MW Tokenization Issues in Sindhi

UniversalDependencies / docs

Universal Dependencies online documentation

http://universaldependencies.org/

Apache License 2.0

274 stars 249 forks source link

MW Tokenization Issues in Sindhi #1007

Closed muteeurahman closed 6 months ago

muteeurahman commented 11 months ago

With reference to (Insight into when to create a class of MWT vs not? https://github.com/UniversalDependencies/docs/issues/1006): We along with @AngledLuffa are collaborating about building a UD data set for Sindhi. We are running into issues like auxiliaries have negation and pronominal affixes. We are looking at ways to assign POS tags to that. There are other constructions where Nouns, Adpositions, Adverbs, and Main Verbs have pronominal affixes attached (dual in some cases i.e. subject and object suffixes). We are wondering if we can have some advice to treat these constructions? as MWTs? or Just keep this information in morphological features? Three use cases are shown here for reference and discussion.

In sentence 1 above ناھي clearly has the role of Negation and can be labeled as ADV or PART and may be considered single word expression. (That is what I think)

In sentence 2 above ناھي clearly has two roles, the role of Negation and the role of an Auxiliary verb. Labeling is bit confusing here. However, as VERB is required here the AUX can be considered as a major role. Can this be considered as a MWE with two words (نہ and آھي) with different sub labels of ADV and AUX?

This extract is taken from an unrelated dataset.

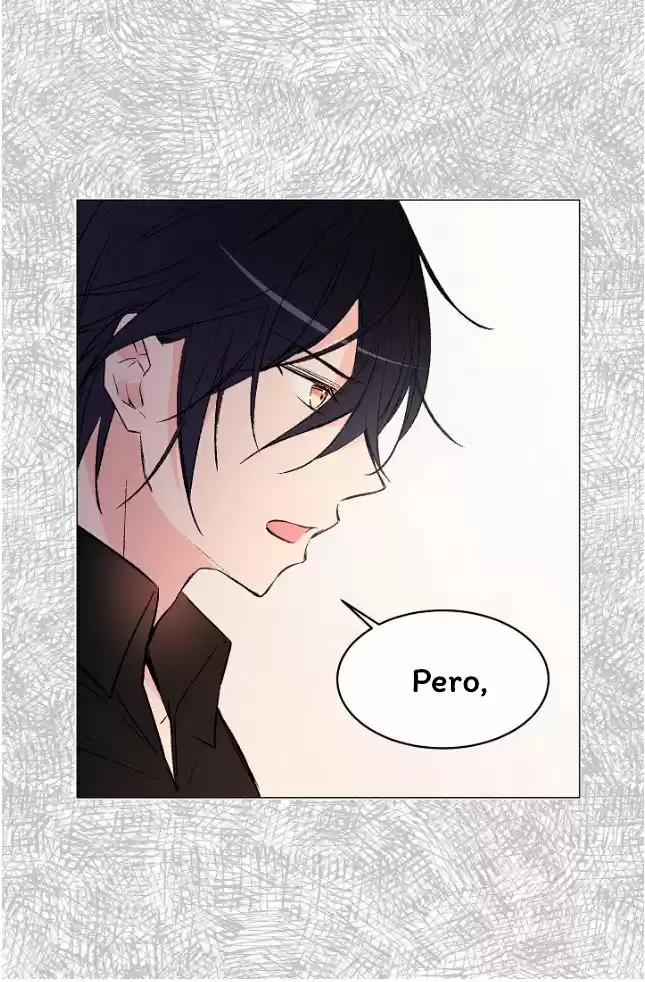 La Novia Del Principe Gato - Capítulo 37 - Página 3 - LectorTMOo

In sentence 3 above a complex pronominal suffix construction is there, where a main verb has two pronominal suffixes. So, the token (ڏنومانس) has clearly three different roles of verb, first person pronoun, and 3rd Person pronoun respectively. Can this be a MWE with VERB, 1P PRON(SUB), 2P PRON(OBJ)?

Suggestions are requested.

amir-zeldes commented 11 months ago

Regarding the negated copula, I think I would prefer to tokenize it apart into a negation and a copula, using MWTs, but if you don't want to there are some precedents for that too. Old Church Slavonic has basically the same case, with the Indo-European negation "ne" as a prefix in "нѣсть" (approx. [nʲesʲtʲ] < PIE *ne + esti). In UD Old Church Slavonic, this is treated as one token, with no MWT:

https://universal.grew.fr/?custom=6580b5ad0b772

This is then annotated with verbal features and POS (incl. AUX as necessary), and Polarity=Neg. Similarly, the Latin treebanks use negative lemmas like "nescio", "not know" (from ne+scio). If you care about representing negation separately from the verb though, nothing prevents making two tokens + MWT.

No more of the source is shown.